Take the arrival times of the $I$ passengers as $\{t_i\}_{i=1}^I$, $t_i < t_{i+1}$. Note that it never makes sense to dispatch a bus in between times, because that means some customer waited unnecessarily, and you could dispatch the bus earlier and reduce over all wait. There was no mention of random arrivals, but you could make this stochastic if you wanted; if arrivals were exponentially distributed, I am pretty sure the answer would be a very simple, "wait until $k^*$ people arrive, then dispatch a bus" where $k^*$ is just a function of the intensity of the Poisson process.

Let the state be $k_i$, the number of people who are waiting at time $t_i$ when the $i$-th person arrives. Let $J_i(k_i)$ be the value of having $k_i$ people waiting at the $i$-th arrival.

At time $T_I$, you should dispatch a bus regardless of $k_I$, since no one else is coming and you have at least one waiting customer. Having them wait forever would incur an infinite cost, so you should dispatch immediately.

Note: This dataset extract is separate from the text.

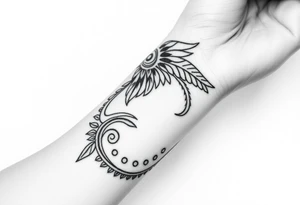 Māori spirit emotion heal strength warrior tattoo idea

So $J_I(k_I) = -K$, and at $I-1$, you have $k_{I-1}$ people already waiting as the $I-1$-st person arrives. If you wait until next period to dispatch, they all have to wait, and the value is $$ J_{I-1}(k_{I-1}) = -(k_{I-1}+1)(t_I-t_{I-1}) + J_I(k_{I-1}+1) = -(k_{I-1}+1)(t_I-t_{I-1}) -K $$ but if you dispatch now, the value is $$ J_{I-1}(k_{I-1}) = -K + J_I(0) = -2K $$ So you should dispatch only if $$ -2K > -(k_{I-1}+1)(t_I-t_{I-1}) - K $$ or $$ k_{I-1} > \dfrac{K}{t_I - t_{I-1}}-1. $$ So your value function is $$ J_I(k_{I-1}) = \min \left\lbrace -2K, -(k_{I-1}+1)(t_I-t_{I-1}) - K\right\rbrace. $$

Working backwards, at arrival $i$, by similar reasoning, we have $$ J_i(k_i) = \min \left\lbrace -K+J_{i+1}(0), -(k_i+1)(t_{i+1}-t_i) + J_{i+1}(k_{i}+1)\right\rbrace. $$ And you should dispatch if $$ -K+J_{i+1}(0) > -(k_i+1)(t_{i+1}-t_i) + J_{i+1}(k_{i}+1) $$ or $$ (k_i+1)(t_{i+1}-t_i) > J_{i+1}(k_{i}+1)-J_{i+1}(0)+K $$ or $$ k_i > \dfrac{J_{i+1}(k_{i}+1)-J_{i+1}(0)+K}{t_{i+1}-t_i}-1. $$

Are the Bellman equations and policy functions the recurrence relations you were referring to?

If you had an infinite planning horizon with discounting or stochastic arrivals (maybe time is discrete and with probability $\lambda$ a new passenger arrives each period or use continuous-time Markov chain methods and the Hamilton-Jacobi-Bellman equation) the reasoning is all pretty similar and the answers might even be simpler.